Title: Almost complete intersections and the strong Lefschetz property

Abstract: An Artinian standard graded algebra has the weak Lefschetz property if the map induced by multiplication by a general linear form has maximal rank (i.e., is injective or surjective) in each degree, and has the strong Lefschetz property if the map induced by multiplication by every power of a general linear form has maximal rank in each degree. In this talk, we will investigate the strong Lefschetz property for almost complete intersections, providing a complete classification for a class of codimension three monomial almost complete intersections. Furthermore, we prove the strong Lefschetz property for certain arbitrary monomial almost complete intersections.
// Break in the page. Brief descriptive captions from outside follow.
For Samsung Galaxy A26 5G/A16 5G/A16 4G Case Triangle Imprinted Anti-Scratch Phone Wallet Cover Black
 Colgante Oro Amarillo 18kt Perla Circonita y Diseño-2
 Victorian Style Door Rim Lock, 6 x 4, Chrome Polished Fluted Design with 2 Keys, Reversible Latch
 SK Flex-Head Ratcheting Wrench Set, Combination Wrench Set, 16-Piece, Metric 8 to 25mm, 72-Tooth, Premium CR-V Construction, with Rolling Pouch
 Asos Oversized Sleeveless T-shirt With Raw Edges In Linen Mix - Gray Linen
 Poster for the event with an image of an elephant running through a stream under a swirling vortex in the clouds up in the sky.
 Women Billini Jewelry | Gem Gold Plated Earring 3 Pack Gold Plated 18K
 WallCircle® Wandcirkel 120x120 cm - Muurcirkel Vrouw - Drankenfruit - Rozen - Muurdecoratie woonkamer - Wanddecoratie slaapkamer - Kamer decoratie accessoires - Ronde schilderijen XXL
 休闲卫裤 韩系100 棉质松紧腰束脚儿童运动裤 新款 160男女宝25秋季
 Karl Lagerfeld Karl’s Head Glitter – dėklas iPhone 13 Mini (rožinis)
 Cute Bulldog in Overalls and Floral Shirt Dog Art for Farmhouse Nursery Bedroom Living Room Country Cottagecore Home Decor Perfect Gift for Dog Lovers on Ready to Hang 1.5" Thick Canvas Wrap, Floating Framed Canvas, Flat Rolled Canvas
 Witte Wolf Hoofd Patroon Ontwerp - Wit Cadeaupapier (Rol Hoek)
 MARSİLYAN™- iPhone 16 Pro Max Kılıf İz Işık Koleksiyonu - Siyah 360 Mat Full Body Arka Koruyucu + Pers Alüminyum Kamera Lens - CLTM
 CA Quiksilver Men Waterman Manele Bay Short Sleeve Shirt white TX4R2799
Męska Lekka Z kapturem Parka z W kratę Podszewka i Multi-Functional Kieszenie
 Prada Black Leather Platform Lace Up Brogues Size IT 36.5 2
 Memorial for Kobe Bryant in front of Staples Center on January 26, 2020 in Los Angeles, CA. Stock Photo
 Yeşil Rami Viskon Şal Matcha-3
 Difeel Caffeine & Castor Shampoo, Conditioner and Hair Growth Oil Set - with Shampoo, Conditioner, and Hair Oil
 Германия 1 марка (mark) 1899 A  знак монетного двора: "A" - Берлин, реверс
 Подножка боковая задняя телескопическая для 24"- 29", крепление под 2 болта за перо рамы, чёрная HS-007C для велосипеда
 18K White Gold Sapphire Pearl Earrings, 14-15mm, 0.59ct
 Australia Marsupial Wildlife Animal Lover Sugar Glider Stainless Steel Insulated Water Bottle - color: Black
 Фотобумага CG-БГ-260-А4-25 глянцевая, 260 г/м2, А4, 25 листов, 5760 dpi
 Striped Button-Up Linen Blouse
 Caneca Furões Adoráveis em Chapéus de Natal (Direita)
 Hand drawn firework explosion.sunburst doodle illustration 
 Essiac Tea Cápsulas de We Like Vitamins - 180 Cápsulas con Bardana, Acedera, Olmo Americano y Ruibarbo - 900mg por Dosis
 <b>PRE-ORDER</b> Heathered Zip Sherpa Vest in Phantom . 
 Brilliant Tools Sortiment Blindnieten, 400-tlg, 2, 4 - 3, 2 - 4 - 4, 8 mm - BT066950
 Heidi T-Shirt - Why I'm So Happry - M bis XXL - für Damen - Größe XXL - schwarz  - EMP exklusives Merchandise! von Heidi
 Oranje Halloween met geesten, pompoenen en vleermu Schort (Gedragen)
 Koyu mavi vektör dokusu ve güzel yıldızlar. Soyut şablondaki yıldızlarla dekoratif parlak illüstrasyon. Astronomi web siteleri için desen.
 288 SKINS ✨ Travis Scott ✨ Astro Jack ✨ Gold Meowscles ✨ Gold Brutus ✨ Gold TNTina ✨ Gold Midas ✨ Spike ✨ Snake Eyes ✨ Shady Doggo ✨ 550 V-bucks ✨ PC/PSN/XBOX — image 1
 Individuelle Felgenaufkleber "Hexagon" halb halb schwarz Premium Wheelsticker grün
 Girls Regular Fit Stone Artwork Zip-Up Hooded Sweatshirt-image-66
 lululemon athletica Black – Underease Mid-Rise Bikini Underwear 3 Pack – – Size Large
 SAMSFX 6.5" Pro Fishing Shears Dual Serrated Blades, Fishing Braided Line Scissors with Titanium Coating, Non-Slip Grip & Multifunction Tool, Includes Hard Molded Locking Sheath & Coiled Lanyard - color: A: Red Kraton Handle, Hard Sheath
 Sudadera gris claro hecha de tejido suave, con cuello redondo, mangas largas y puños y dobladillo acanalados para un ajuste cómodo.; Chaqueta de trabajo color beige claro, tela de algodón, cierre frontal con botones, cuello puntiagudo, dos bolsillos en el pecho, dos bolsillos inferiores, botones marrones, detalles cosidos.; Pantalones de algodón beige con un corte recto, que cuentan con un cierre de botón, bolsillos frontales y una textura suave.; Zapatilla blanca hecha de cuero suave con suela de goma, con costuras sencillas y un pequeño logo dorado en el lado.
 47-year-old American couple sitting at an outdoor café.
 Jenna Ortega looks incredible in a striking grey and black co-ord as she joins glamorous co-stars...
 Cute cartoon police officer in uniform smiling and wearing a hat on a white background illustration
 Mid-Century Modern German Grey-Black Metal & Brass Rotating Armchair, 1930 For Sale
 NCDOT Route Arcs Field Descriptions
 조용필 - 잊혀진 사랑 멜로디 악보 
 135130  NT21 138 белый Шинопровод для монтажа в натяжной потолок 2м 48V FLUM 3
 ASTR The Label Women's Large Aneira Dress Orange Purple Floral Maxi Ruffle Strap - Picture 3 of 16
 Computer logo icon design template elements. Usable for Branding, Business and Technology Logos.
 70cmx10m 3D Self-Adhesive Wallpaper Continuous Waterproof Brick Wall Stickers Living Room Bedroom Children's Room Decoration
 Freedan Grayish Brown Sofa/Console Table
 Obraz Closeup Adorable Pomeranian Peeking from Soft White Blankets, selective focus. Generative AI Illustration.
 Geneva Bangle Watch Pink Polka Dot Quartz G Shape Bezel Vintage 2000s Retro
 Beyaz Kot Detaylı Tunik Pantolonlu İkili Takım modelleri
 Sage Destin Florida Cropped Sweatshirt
This is joint work with Filip Jonsson Kling.

Fri 16:30–16:50 Mitsuki Hanada (Berkeley)

Title:  A charge monomial basis of the Garsia–Procesi ring

Abstract: The two well-known monomial bases of the (classical) coinvariant ring, the Artin basis and the descent basis, are indexed by permutations and correspond to the statistics inv and maj respectively. Both bases give combinatorial explanations for the Hilbert series of the coinvariant ring. We construct a basis of the Garsia–Procesi ring, a quotient of the coinvariant ring, using the catabolizability type of standard Young tableaux and the charge statistic. This basis is compatible with its Hilbert series in the same manner. Our construction of the basis provides the first direct connection between the combinatorics of the basis with the combinatorial formula for the modified Hall-Littlewood polynomials, due to Lascoux. We use this description to give an elementary proof of the fact that the graded Frobenius character of Garsia–Procesi ring is given by the modified Hall-Littlewood polynomial.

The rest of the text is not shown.